To do: Using the records below, reproduce exactly the lines from the one containing "ISSR molecular marker" through the end, and nothing more; skip the images.

——————————

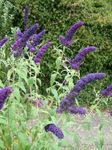 Фото Садові Квіти Буддлея (Buddleia), синій
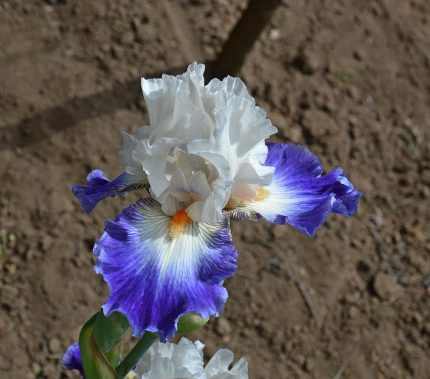 Iris  'World Premier' (Nőszirom)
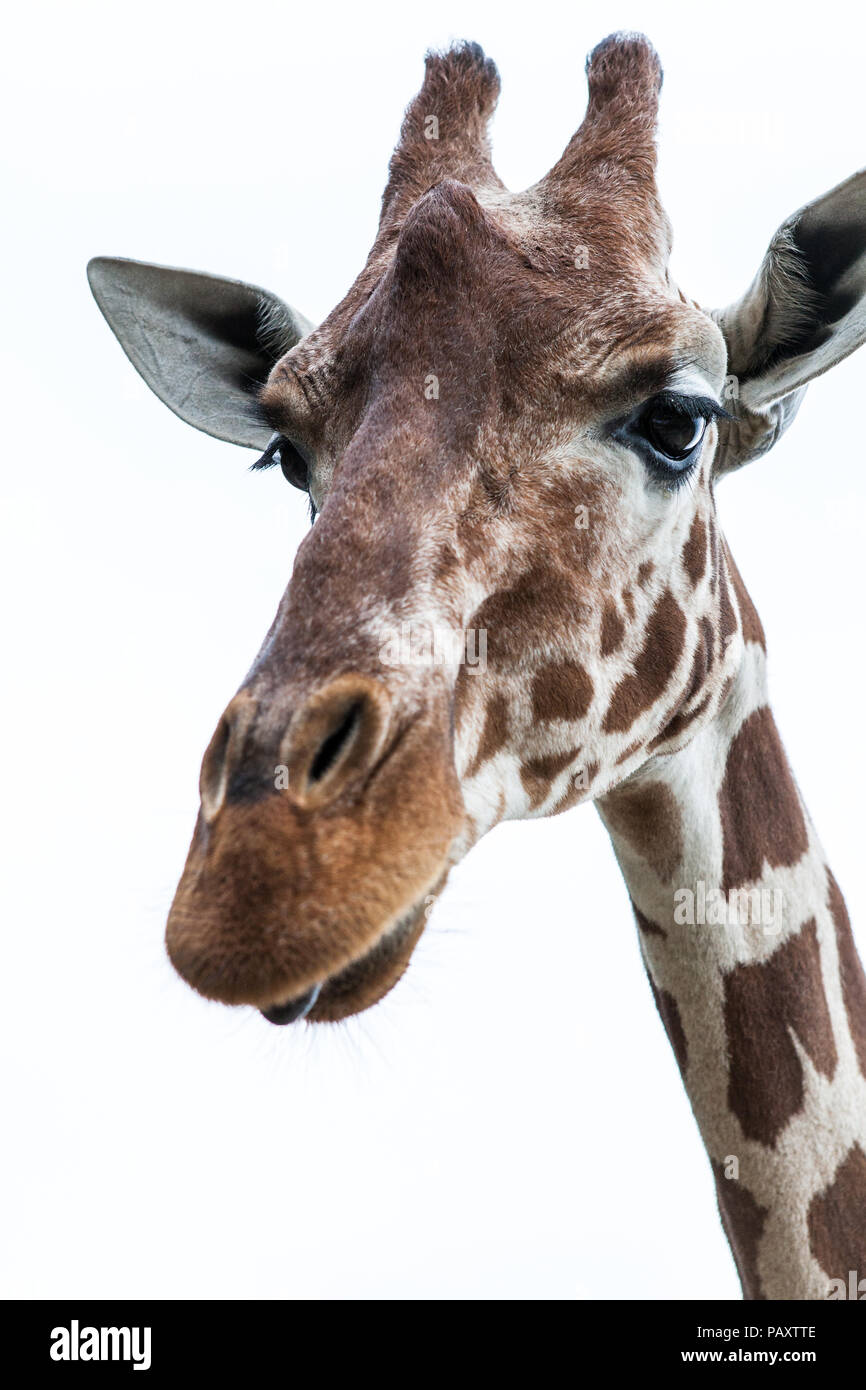 La tête d'une girafe avec un fond blanc Banque D'Images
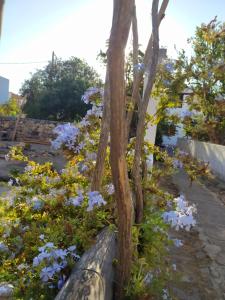 a tree in a garden with blue flowers at Latmos 1860 in Skala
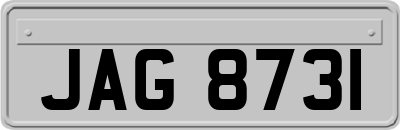 JAG8731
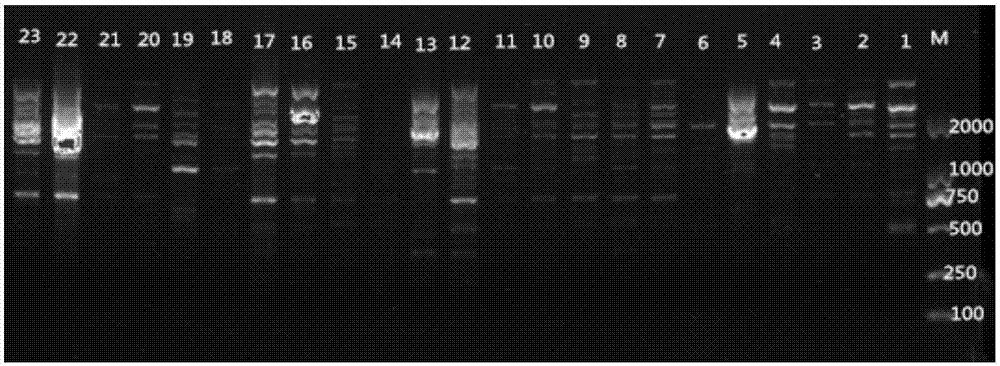 ISSR molecular marker method for genetic diversity analysis of hedyotis diffusa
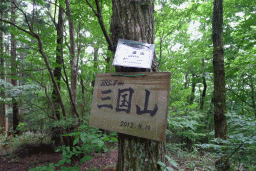 c0019376_17254186.gif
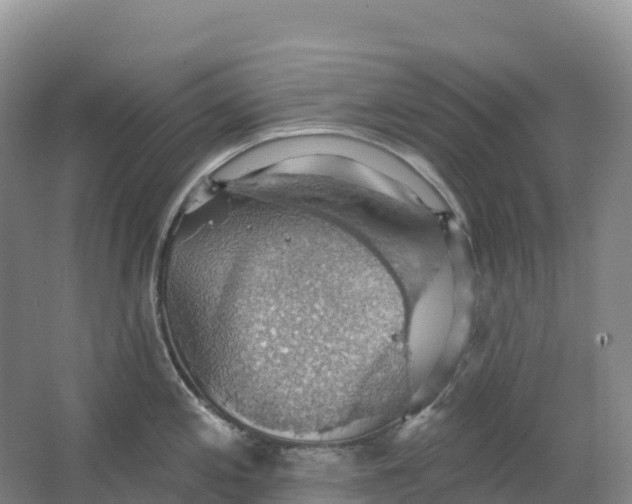 X0000064741197200602241745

——————————

Response area:
 ISSR molecular marker method for genetic diversity analysis of hedyotis diffusa
 c0019376_17254186.gif
 X0000064741197200602241745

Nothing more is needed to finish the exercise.